2015-11-05 Thread sjw
I would like to see SHA-3 signatures and Ed25519/curve25519 ASAP.
The later one is not that far away [1].
Maybe it's the right time to consider them?

[1] https://bugzilla.mozilla.org/show_bug.cgi?id=957105


Am 05.11.2015 um 19:46 schrieb Kathleen Wilson:
> The next two topics to discuss [1] have to do with section 8 of
> Mozilla’s CA Certificate Maintenance Policy.
>
> The proposals are:
> - (D15) Deprecate SHA-1 Hash Algorithms in certs.
> and
> - (D4) In item #8 of the Maintenance Policy recommend that CAs avoid
> SHA-512 and P-521, especially in their CA certificates. This is to
> ensure interoperability, as SHA-512 and (especially) P-521 are less
> well-supported than the other algorithms. (Note: On the page you
> linked to, P-521 is incorrectly spelled "P-512".)

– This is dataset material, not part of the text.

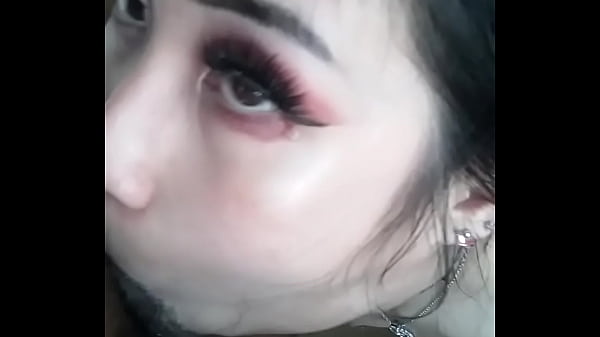 Eva Yi fica com a garganta no pau preto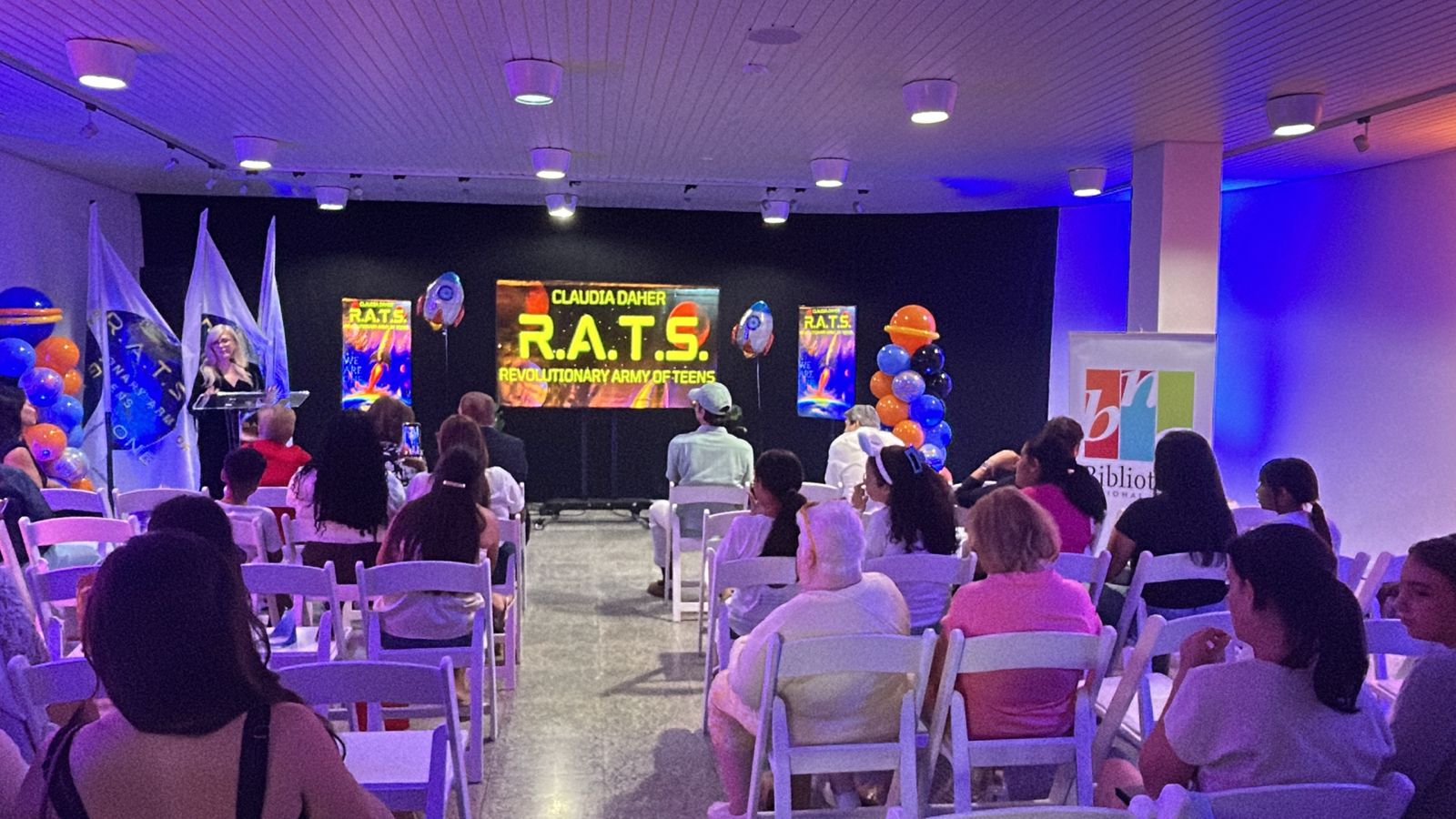 Auteur Claudia Daher Ponson Introduceert Haar Boek Voor Aruba En De Wereld Met Een Boodschap Van Eenheid En Vrede 172 Whatsapp Image 2025 12 02 At 5.21.34 Pm 2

> -- Not sure if we should make this change...
>
> Bug https://bugzilla.mozilla.org/show_bug.cgi?id=1129083 was filed to
> remove support for certs signed using SHA-512-based signatures, but it
> was closed as invalid, and SHA-512 support was fixed via
> https://bugzilla.mozilla.org/show_bug.cgi?id=1155932
>
> Bug https://bugzilla.mozilla.org/show_bug.cgi?id=1129077 was filed to
> remove support for certs that use the P-521 curve. But this is still
> up for discussion.
>
> So, do we really want to add a comment to Mozilla's policy about
> limited support for SHA-512 and P-521?
>
> Here's what Mozilla's policy currently says:
> https://www.mozilla.org/en-US/about/governance/policies/security-group/certs/policy/maintenance/
>
> ~~
> 8. We consider the following algorithms and key sizes to be acceptable
> and supported in Mozilla products:
> - SHA-1 (until a practical collision attack against SHA-1 certificates
> is imminent);
> - SHA-256, SHA-384, SHA-512;
> - Elliptic Curve Digital Signature Algorithm (using ANSI X9.62) over
> SECG and NIST named curves P-256, P-384, and P-512;
> - RSA 2048 bits or higher; and
> - RSA 1024 bits (only until December 31, 2013).
> ~~
>
> I recommend that we change it to the following:
> ~~
> 8. We consider the following algorithms and key sizes to be acceptable
> and supported in Mozilla products:
> - SHA-256, SHA-384, SHA-512;
> - Elliptic Curve Digital Signature Algorithm (using ANSI X9.62) over
> SECG and NIST named curves P-256, P-384, and P-521; and
> - RSA 2048 bits or higher.
> ~~
>
> Another option is to delete this section from Mozilla's policy,
> because it is covered by the Baseline Requirements. However, the
> Baseline Requirements allows for DSA, which Mozilla does not support.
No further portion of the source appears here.